Rosa was so startled by these unexpected attentions she hardly knew how to respond. She half-wondered if the man was making fun of her, or chatting to her for a bet, but when she glanced around
she could see no cohort of sniggering friends behind him so she carried on the conversation, swapping details of favourite movie stars and recent films, praying for her tram to arrive. When it
came, it turned out that Herr Gerlach was travelling in the same direction, so he sat himself comfortably beside her, spreading out on the seat and obliging her to shrink to avoid physical contact.
She reasoned that maybe he was lonely. People who weren’t used to being on their own did, apparently, find it difficult and would seek out anyone, even strangers, for the sake of human
company. Rosa had never remotely felt that way, but she supposed she could sympathize, even if on closer acquaintance Herr Gerlach, with his hard-edged face and loud laugh, looked more at home in a
beer cellar than a Hollywood love story.

Chapter Seventeen

There was only one costume in the Third Reich as popular as the brown shirt, breeches and jackboot ensemble, and that was anything from the era of Frederick the Great. Movies
glorifying Frederick the Great – Hitler’s longtime hero and role model – formed a genre all of their own, and no fancy dress party was complete without several guests parading in
silken crinolines, embroidered frock coats, white stockings and Prussian wigs. Hermann Goering thought nothing of raiding the costume rails of the Ufa studios for his own dressing-up parties, and
any actor cast in an eighteenth-century movie knew that at the very least they would have plenty of charming outfits to choose from. But as Ursula Schilling waited alongside Clara in the costume
department of the Geiselgasteig studios a few days later, it was another kind of fashion that was occupying her.

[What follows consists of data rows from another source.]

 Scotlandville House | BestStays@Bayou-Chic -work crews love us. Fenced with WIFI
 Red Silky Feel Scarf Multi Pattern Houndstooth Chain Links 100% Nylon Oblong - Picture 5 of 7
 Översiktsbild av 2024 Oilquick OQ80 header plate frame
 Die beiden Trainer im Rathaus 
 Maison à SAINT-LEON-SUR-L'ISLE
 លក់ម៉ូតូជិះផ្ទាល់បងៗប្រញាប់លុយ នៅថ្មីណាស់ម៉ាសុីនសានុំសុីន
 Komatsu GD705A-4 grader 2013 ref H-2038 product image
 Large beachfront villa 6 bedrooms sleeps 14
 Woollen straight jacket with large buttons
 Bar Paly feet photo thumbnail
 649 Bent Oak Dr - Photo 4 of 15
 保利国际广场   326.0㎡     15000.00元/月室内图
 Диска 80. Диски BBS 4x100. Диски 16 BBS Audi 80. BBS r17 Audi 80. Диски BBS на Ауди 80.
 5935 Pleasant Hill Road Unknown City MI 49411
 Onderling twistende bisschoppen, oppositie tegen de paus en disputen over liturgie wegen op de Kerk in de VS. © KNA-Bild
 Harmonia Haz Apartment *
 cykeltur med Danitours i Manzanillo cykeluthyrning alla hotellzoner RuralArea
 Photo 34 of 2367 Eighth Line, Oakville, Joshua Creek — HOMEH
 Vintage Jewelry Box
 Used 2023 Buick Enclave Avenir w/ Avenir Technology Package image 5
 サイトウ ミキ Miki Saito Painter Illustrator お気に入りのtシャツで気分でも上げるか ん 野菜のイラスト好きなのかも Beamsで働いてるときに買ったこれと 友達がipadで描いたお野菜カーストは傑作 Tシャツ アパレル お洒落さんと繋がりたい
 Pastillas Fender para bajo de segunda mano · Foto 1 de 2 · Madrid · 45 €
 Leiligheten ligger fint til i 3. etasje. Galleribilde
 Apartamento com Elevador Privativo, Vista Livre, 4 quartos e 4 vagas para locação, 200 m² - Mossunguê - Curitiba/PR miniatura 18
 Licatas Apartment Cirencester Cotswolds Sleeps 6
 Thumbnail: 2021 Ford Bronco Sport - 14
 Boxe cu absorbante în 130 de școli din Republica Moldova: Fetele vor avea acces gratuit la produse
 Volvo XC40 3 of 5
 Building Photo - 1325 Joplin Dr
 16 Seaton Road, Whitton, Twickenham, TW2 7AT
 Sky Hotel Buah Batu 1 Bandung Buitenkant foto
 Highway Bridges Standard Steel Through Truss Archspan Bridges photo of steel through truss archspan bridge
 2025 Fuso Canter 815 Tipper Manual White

‘You’ve seen this, I suppose.’

Ursula was holding a magazine at arm’s length, as though it was something unpleasant she had picked off the pavement. Clara saw it was the current edition of the Nazi women’s
magazine, the
NS-Frauen-Warte
.

‘I never miss it.’

‘Don’t joke, I mean it. Take a look.’

She pointed a disdainful crimson fingertip at a two-page spread of actresses who had appeared in recent films. On one side were vamps and chorus girls, platinum blondes who made up for in
cosmetics what they lacked in clothing, cavorting in deliberately sleazy poses. On the other side were ranged young women in peasant costumes and braids with faces as blank and clean as starched
cotton. Beneath this group a caption read,
You think: boring, We think: healthy and beautiful!

Clara leant across and read the accompanying editorial. ‘
Contemporary films do not pay enough attention to idealizing the family, and there are too many childless women featured. The
demi-monde type, hostile to marriage and family, is the living embodiment of the sterility of the previous epoch of decay.